Hass.io fails after restart or reboot

Hi,

I have a NUC-like device (Dell Wyse Z90DE7 thin client). I have been trying to get Hass.io up and running on it. I have been flashing the NUC image from the main Hass.io page. Every time it boots, it takes a very long time. It takes 12 to 15 minutes on “Docker Application container Engine” during startup even after the first startup.

Immediately after flashing the device, I can boot up Hass normally once and restore from snapshot. I used it like this and had a very long uptime, and everything was snappy and worked properly (ZHA, my in-development Firmata component, other docker containers, etc.). However, once I either reboot the hardware or just Home Assistant, it fails to successfully start Home Assistant.

This exact HA configuration had been running for months perfectly fine on a Debian VM on another machine, so I am doubtful it is an issue with my configuration.

I thought this may be an issue with the small 16GB MLC SSD in the thin client, but I booted into another OS and did some SMART and basic long/large read/write tests and everything came out fine. The flash is also not particularly slow, so I am unsure why it takes so long to boot each time.

The issue appears to be with the Hass.io backend. Troubleshooting with the hassio command was not helpful because it is making HTTP requests to some other service that I could not quickly find a log for. When I run something like hassio ha restart --log-level trace after a failure, I see a 400 Bad Request error with the message as “null.”

I tried not using my snapshot and changing some settings/adding entities and restarted and the issue persisted with Hass.io failing to load as a component and the CLI giving bad requests.

I did see some issues in journalctl related to Docker and of course Home Assistant itself.

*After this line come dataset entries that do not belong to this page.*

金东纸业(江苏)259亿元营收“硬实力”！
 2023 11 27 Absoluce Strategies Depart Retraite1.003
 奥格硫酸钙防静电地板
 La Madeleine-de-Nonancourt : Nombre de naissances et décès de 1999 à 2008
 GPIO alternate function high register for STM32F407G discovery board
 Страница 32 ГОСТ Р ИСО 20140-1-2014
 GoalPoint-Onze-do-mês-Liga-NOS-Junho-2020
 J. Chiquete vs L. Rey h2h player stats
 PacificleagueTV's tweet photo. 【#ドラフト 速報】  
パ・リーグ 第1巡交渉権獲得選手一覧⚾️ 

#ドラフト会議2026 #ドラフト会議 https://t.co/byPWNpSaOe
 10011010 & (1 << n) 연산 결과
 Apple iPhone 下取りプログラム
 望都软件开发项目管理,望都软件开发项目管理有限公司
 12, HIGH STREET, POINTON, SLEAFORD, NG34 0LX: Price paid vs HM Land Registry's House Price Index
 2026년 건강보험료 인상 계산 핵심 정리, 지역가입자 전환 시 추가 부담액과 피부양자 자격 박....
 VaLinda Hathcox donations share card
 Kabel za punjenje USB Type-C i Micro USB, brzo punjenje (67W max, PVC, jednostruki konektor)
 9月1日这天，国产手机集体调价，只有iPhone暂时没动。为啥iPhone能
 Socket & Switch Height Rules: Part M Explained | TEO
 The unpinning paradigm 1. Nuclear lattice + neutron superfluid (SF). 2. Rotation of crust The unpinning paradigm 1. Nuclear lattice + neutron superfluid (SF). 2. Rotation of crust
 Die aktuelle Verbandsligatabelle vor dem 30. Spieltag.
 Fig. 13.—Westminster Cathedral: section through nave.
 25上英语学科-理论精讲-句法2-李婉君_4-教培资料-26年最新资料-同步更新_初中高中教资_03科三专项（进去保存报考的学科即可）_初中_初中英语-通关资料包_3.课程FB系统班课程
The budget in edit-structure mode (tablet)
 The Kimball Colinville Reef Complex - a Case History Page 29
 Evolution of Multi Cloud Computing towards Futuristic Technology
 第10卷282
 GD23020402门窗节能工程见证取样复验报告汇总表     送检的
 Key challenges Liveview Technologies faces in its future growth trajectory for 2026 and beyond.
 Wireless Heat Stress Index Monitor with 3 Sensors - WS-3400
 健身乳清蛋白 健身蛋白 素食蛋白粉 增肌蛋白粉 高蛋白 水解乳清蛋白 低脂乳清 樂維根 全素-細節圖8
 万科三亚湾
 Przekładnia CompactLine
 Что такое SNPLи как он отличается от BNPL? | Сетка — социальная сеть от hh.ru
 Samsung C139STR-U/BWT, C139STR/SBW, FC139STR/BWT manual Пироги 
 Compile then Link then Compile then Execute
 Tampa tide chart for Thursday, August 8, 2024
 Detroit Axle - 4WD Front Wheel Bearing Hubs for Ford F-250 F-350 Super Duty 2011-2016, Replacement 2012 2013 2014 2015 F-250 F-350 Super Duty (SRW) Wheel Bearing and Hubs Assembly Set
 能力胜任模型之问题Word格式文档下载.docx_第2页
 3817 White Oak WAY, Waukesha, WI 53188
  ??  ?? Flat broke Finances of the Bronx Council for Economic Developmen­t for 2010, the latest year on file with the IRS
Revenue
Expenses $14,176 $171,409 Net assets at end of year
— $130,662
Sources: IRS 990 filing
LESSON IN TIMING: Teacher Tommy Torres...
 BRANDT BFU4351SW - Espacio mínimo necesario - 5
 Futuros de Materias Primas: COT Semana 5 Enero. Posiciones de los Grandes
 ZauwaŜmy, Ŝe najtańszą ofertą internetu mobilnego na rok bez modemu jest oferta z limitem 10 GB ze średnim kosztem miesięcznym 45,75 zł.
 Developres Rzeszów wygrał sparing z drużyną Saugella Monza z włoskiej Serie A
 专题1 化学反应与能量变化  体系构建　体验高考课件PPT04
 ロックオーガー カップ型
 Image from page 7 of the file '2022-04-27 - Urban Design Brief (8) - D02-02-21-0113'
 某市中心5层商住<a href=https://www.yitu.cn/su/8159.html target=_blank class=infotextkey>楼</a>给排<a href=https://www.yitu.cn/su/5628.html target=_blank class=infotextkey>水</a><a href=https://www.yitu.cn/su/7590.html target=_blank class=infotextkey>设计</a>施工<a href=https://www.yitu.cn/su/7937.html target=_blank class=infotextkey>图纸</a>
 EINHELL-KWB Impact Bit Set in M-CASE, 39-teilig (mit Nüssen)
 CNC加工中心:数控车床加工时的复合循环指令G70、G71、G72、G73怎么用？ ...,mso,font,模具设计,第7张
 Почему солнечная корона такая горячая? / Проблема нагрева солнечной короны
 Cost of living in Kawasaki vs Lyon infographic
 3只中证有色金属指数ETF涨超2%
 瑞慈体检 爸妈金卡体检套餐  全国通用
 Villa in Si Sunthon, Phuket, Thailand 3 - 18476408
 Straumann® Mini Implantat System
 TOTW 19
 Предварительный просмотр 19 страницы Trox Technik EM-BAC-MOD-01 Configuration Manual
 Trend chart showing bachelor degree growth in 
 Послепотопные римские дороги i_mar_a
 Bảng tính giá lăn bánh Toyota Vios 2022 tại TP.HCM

I have not been able to find the log for the Hass.io backend. I have attached the log and redacted a lot of the details to names of things, mac addresses, etc. (this also makes it easier to read). The errors start with my Firmata component, so I tried again without it and I got basically the same result.

You will see an error related to trying to connect to Hue hubs. There are Hue hubs on my network, but I have set it to ignore in discovery yet it still insists on connecting :frowning: (this is some other unrelated issue with Home Assistant).

At this point I have reflashed Hass.io onto my device 3 or 4 times to try things and debug this. If there are any more steps I can take to debug, please let me know! I really want to get to the bottom of this! I really like Hass.io!

OK, of course after more Googling I finally found a solution to the complete failures. I added hassio: to the top of my config and that seemed to do the trick for the errors. However, Docker still takes 12 minutes at boot.

Hmm, I spoke too soon. Let me try the thread count increase.

The inability to run stop, start, or restart appears to be because another task is in progress. It would be great if the error messages in the supervisor log would carry over to said 400 Bad Request. Also, there does not appear to be a way to kill a task. Hass.io seems to just hang on starting home assistant even though it fails and quits.

Have you tried installing an OS like Ubuntu or Debian and then installing Hass.io using the alternitive install script? Might be worth a try.

Using the NUC image on some non NUCs has been known to cause issues.

Currently have it working by rebooting the machine or restarting the docker engine until it works.

Yeah, that will probably work. That’s similar to what the venv install that this replaced. I’d rather not do that would be adding another Docker/abstraction layer to strong but not super-powerful hardware. I’d like to avoid running a full Debian stack on top of everything else and have to maintain it/update it.

I want to try to figure out what these issues are. Theoretically and as far as I can tell, there shouldn’t be much of a difference between the NUC image and an image you would put on a standard PC. It appears to be a simple build for an amd64 machine plus some drivers.

I definitely want to figure out why Docker takes so long to start—that’s probably the source of the other issues.

I’ve not used the NUC image myself, I just install using Ubuntu, even when I was using a NUC, but I believe the NUC image is a stripped down Linux version in the same way the HassOS image is for Pis, so it could be driver compatibility issue with your particular machine?

Having a base OS is not going to throttle your machine to any noticeable level over using the NUC image, if that’s a concern. I run mine on a 8-9yo Dell Optiplex, CPU usage normally sits under 10% even with Shinobi constant recording cameras so an HDD. I do an OS update once a month, everything ticks along very nicely.